#install.packages(c("randomForest","lattice","tree"),dependencies = TRUE)
library(randomForest)
## randomForest 4.6-12
## Type rfNews() to see new features/changes/bug fixes.
library(lattice)
library(tree)
dodgers <- read.csv("~/Datasets/dodgers.csv")
attach(dodgers)
names(dodgers)
## [1] "month" "day" "attend" "day_of_week" "opponent"
## [6] "temp" "skies" "day_night" "cap" "shirt"

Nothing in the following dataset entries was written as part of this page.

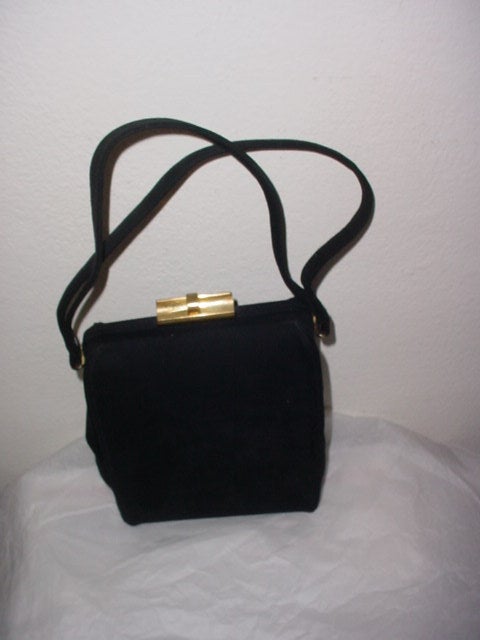 Vintage black suede 1940s bag with goldtone clasp. Beautiful black satin lining. A prime example of the finest in 40s handbag design. Excellent condition. Double handles.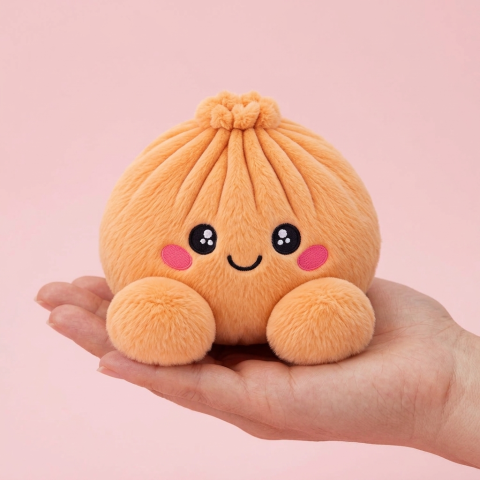 Squishy Dumpling Orange Mandarin i handen, verklig storlek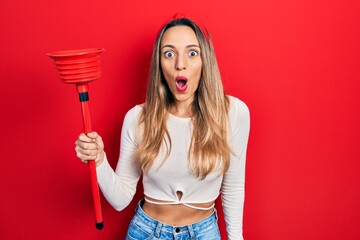 Beautiful hispanic woman holding toilet plunger scared and amazed with open mouth for surprise, disbelief face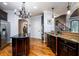 Modern kitchen featuring a center island, granite counters, and stainless steel appliances at 50 S Underwood Dr, Covington, GA 30016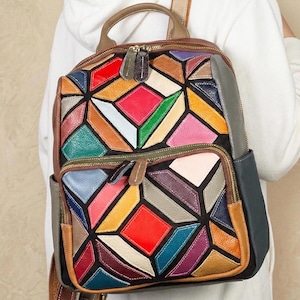 Op de afbeelding: Een kleurrijke geometrische patchwork rugzak met een handvat aan de bovenkant en twee compartimenten met ritssluiting. De tas heeft een levendige reeks kleuren, waaronder rood, geel, groen, blauw en paars. De tas heeft een bruin lederen handvat en riemen.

## [11] "fireworks" "bobblehead"
summary(dodgers)
## month day attend day_of_week opponent
## APR:12 Min. : 1.00 Min. :24312 Friday :13 Giants : 9
## AUG:15 1st Qu.: 8.00 1st Qu.:34493 Monday :12 Padres : 9
## JUL:12 Median :15.00 Median :40284 Saturday :13 Rockies : 9
## JUN: 9 Mean :16.14 Mean :41040 Sunday :13 Snakes : 9
## MAY:18 3rd Qu.:25.00 3rd Qu.:46588 Thursday : 5 Cardinals: 7
## OCT: 3 Max. :31.00 Max. :56000 Tuesday :13 Brewers : 4
## SEP:12 Wednesday:12 (Other) :34
## temp skies day_night cap shirt fireworks
## Min. :54.00 Clear :62 Day :15 NO :79 NO :78 NO :67
## 1st Qu.:67.00 Cloudy:19 Night:66 YES: 2 YES: 3 YES:14
## Median :73.00
## Mean :73.15
## 3rd Qu.:79.00
## Max. :95.00
##
## bobblehead
## NO :70
## YES:11
##
##
##
##
##
plot(dodgers$attend/1000~dodgers$temp,las=1,xlab = "Temperature",
ylab = "Attendance(thousands)",col="blue",pch=19,
main = "Temperature by Attendance(thousands)")

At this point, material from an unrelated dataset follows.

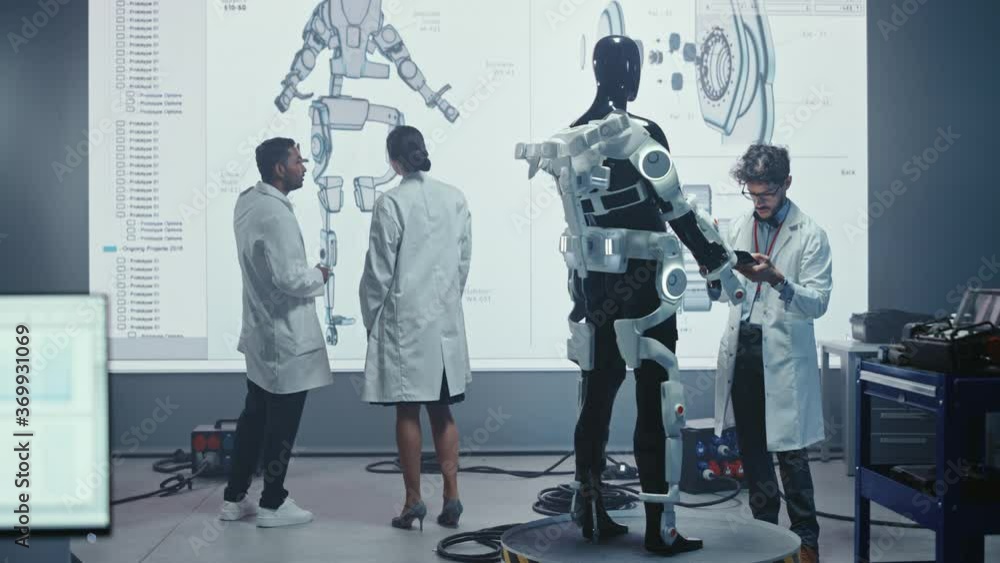 Aufkleber In Robotics Development Laboratory: Female Engineer and Male Scientist Work With Big Screen Showing Robotics Exoskeleton Prototype Design. Building Exosuit to Help Disabled People, Hard Labor Workers
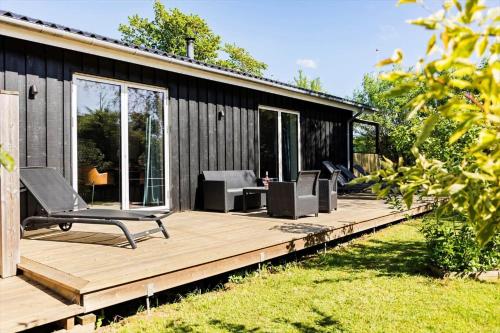 a wooden deck with chairs on top of a house at LF12257-Hjerm-Livbjerggardvej-57 in Hjerm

Let’s create an ordered month variable and add it to our dataset.
# define an ordered month variable ################
# for plots and data summaries
dodgers$ordered_month <- with(data=dodgers,
ifelse ((month == "APR"),4,
ifelse ((month == "MAY"),5,
ifelse ((month == "JUN"),6,
ifelse ((month == "JUL"),7,
ifelse ((month == "AUG"),8,
ifelse ((month == "SEP"),9,10)))))))
dodgers$ordered_month <- factor(dodgers$ordered_month, levels=4:10,
labels = c("April", "May", "June", "July", "Aug", "Sept", "Oct"))
Attendance by Temp ordered by Month
plot(dodgers$attend~dodgers$ordered_month,las=1,xlab = "Month",
ylab = "Temp",col="blue",pch=19,
main = "Month by Temp")
Let’s create an ordered day-of-week variable as well. We will use this later on in our data analysis.

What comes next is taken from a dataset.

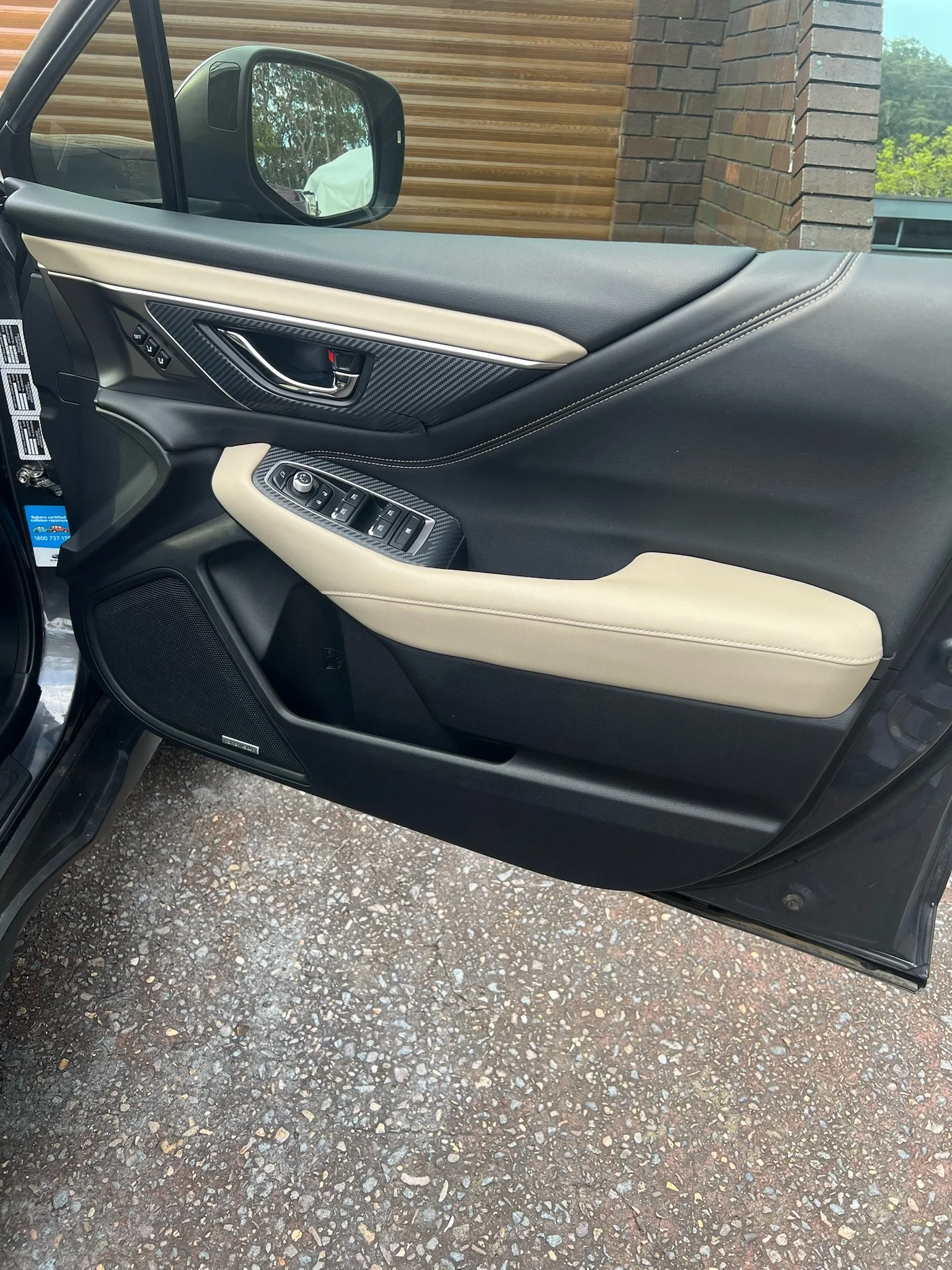 The interior of a car door featuring beige and black design with control buttons for windows and mirrors, a carbon fiber-patterned trim, a speaker, and a door handle, next to a side mirror and a brick wall outside.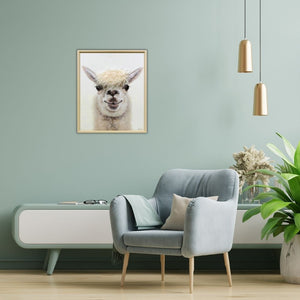 Eine mintfarbene Wand und davor steht ein bequemer Sessel vor einem Sideboard. An der wand hängt ein Bild mit einem Naturholzrahmen. Das Bild zeigt zeigt den Lama Youngster mit einer lustigen Mähne aus Kunsthaar.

# define an ordered day-of-week variable ##############
# for plots and data summaries
dodgers$ordered_day_of_week <- with(data=dodgers,
ifelse ((day_of_week == "Monday"),1,
ifelse ((day_of_week == "Tuesday"),2,
ifelse ((day_of_week == "Wednesday"),3,
ifelse ((day_of_week == "Thursday"),4,
ifelse ((day_of_week == "Friday"),5,
ifelse ((day_of_week == "Saturday"),6,7)))))))
dodgers$ordered_day_of_week <- factor(dodgers$ordered_day_of_week, levels=1:7,
labels=c("Mon", "Tue", "Wed", "Thur", "Fri", "Sat", "Sun"))
Let’s create a few tables to summarize our data and give ourselves a better overview. These tables will show us what month’s the giveaways took place in and how many of each item was given away.
##Caps
with(dodgers, table(dodgers$cap,ordered_month))
## ordered_month
## April May June July Aug Sept Oct
## NO 12 18 9 11 14 12 3
## YES 0 0 0 1 1 0 0
##T-shirts
with(dodgers, table(dodgers$shirt,ordered_month))
## ordered_month
## April May June July Aug Sept Oct
## NO 11 18 8 12 15 11 3
## YES 1 0 1 0 0 1 0
##Fireworks
with(dodgers, table(dodgers$fireworks,ordered_month)) ##Fireworks on Friday
## ordered_month
## April May June July Aug Sept Oct
## NO 10 15 7 10 12 10 3
## YES 2 3 2 2 3 2 0
Let’s create a lattice plot next. The lattice plot allows us to group variables and look at several variables at once.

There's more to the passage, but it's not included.